Exercise input:

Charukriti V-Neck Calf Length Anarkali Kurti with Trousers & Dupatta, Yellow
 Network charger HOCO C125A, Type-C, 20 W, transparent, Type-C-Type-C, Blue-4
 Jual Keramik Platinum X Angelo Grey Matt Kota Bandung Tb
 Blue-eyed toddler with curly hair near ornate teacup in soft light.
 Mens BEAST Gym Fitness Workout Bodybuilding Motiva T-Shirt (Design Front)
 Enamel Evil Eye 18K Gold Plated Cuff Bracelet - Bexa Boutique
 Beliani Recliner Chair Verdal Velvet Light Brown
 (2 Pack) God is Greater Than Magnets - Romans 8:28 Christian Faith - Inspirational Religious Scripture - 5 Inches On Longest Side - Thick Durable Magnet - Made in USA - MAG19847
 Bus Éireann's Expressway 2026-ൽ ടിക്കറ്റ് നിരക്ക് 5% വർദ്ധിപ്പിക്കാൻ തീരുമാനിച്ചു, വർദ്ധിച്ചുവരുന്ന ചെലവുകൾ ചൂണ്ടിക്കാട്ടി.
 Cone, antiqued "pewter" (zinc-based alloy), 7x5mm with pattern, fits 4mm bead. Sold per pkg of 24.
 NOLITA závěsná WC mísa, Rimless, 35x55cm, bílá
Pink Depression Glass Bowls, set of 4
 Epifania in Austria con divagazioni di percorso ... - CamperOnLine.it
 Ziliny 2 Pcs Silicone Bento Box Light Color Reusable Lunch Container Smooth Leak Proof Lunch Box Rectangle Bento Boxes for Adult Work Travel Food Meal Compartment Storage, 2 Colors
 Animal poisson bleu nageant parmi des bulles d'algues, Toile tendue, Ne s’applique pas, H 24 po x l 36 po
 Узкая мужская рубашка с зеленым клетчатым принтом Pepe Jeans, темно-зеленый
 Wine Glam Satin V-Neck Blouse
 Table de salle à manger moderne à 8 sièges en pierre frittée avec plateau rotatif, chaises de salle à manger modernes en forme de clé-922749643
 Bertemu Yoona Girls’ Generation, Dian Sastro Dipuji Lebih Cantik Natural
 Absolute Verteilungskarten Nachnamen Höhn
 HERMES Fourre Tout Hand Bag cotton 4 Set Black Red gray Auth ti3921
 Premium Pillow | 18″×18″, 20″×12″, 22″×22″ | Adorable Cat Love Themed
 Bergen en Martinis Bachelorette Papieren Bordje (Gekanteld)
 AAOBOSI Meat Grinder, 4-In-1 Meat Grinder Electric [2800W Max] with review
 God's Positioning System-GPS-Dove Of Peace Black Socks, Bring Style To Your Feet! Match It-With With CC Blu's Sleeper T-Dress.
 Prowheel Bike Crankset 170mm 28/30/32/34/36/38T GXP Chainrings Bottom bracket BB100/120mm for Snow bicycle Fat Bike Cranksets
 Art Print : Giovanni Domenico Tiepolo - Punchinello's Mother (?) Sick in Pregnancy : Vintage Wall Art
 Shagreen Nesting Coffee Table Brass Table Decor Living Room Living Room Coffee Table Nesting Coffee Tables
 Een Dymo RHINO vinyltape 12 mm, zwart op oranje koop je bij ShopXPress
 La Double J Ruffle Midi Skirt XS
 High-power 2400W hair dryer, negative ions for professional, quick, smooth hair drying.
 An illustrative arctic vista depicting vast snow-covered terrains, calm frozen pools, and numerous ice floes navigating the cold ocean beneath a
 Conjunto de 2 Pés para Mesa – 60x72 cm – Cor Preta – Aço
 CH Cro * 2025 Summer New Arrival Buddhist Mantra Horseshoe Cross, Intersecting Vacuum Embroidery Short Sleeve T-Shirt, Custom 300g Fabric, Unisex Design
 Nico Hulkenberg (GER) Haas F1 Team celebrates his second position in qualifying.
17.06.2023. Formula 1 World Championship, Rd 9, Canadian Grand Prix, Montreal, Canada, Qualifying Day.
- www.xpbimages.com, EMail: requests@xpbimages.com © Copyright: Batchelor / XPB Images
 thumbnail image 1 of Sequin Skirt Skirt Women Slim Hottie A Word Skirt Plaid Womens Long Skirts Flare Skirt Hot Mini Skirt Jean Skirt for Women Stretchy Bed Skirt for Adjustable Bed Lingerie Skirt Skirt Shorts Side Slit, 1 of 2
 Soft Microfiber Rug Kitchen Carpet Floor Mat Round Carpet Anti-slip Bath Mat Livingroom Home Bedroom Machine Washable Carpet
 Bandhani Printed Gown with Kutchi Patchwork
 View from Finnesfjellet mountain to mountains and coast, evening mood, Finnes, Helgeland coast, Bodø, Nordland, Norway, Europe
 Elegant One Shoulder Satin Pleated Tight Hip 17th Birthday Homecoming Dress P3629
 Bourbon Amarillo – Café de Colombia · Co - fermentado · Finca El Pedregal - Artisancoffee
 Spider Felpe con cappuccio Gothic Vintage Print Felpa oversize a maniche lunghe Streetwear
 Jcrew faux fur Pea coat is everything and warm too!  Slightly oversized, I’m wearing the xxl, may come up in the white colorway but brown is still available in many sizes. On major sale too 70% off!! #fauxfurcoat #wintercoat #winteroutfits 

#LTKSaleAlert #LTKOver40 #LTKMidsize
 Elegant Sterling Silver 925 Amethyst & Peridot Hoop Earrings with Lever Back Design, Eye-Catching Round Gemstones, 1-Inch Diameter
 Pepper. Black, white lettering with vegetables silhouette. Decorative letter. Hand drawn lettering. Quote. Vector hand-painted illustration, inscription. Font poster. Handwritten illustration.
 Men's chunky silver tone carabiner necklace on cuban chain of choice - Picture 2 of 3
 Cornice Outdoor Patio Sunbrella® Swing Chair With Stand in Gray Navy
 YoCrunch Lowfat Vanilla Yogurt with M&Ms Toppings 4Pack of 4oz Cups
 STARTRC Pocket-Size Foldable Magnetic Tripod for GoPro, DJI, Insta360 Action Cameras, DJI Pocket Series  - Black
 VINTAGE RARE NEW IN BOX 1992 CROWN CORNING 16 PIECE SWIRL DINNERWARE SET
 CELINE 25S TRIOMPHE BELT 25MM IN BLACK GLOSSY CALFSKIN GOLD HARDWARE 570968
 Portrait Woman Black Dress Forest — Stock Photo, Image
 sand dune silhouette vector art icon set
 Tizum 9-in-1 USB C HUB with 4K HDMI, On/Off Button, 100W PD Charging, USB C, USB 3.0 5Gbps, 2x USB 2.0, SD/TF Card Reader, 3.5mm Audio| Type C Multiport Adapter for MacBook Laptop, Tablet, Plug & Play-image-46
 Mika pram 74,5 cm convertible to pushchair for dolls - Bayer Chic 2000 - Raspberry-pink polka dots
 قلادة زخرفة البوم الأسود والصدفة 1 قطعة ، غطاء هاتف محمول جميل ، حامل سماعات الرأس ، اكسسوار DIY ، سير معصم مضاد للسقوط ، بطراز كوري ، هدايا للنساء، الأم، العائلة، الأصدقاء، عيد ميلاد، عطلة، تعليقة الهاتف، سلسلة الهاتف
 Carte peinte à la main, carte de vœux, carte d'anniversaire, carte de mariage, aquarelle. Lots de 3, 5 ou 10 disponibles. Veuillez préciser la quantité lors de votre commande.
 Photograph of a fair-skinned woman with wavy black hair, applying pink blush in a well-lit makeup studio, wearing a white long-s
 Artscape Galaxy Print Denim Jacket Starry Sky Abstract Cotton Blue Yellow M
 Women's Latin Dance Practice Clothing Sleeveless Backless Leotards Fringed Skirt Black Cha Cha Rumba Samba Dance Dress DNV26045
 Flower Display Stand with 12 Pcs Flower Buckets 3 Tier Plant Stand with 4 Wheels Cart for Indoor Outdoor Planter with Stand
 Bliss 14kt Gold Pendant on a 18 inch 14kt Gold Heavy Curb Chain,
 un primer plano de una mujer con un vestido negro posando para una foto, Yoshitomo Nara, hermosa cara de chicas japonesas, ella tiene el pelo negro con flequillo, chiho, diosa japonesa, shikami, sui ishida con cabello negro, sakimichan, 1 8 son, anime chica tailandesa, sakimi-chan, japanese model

Activity: Take every line from the data that includes the word "Skirt".

Solution to this exercise:
 La Double J Ruffle Midi Skirt XS
 thumbnail image 1 of Sequin Skirt Skirt Women Slim Hottie A Word Skirt Plaid Womens Long Skirts Flare Skirt Hot Mini Skirt Jean Skirt for Women Stretchy Bed Skirt for Adjustable Bed Lingerie Skirt Skirt Shorts Side Slit, 1 of 2
 Women's Latin Dance Practice Clothing Sleeveless Backless Leotards Fringed Skirt Black Cha Cha Rumba Samba Dance Dress DNV26045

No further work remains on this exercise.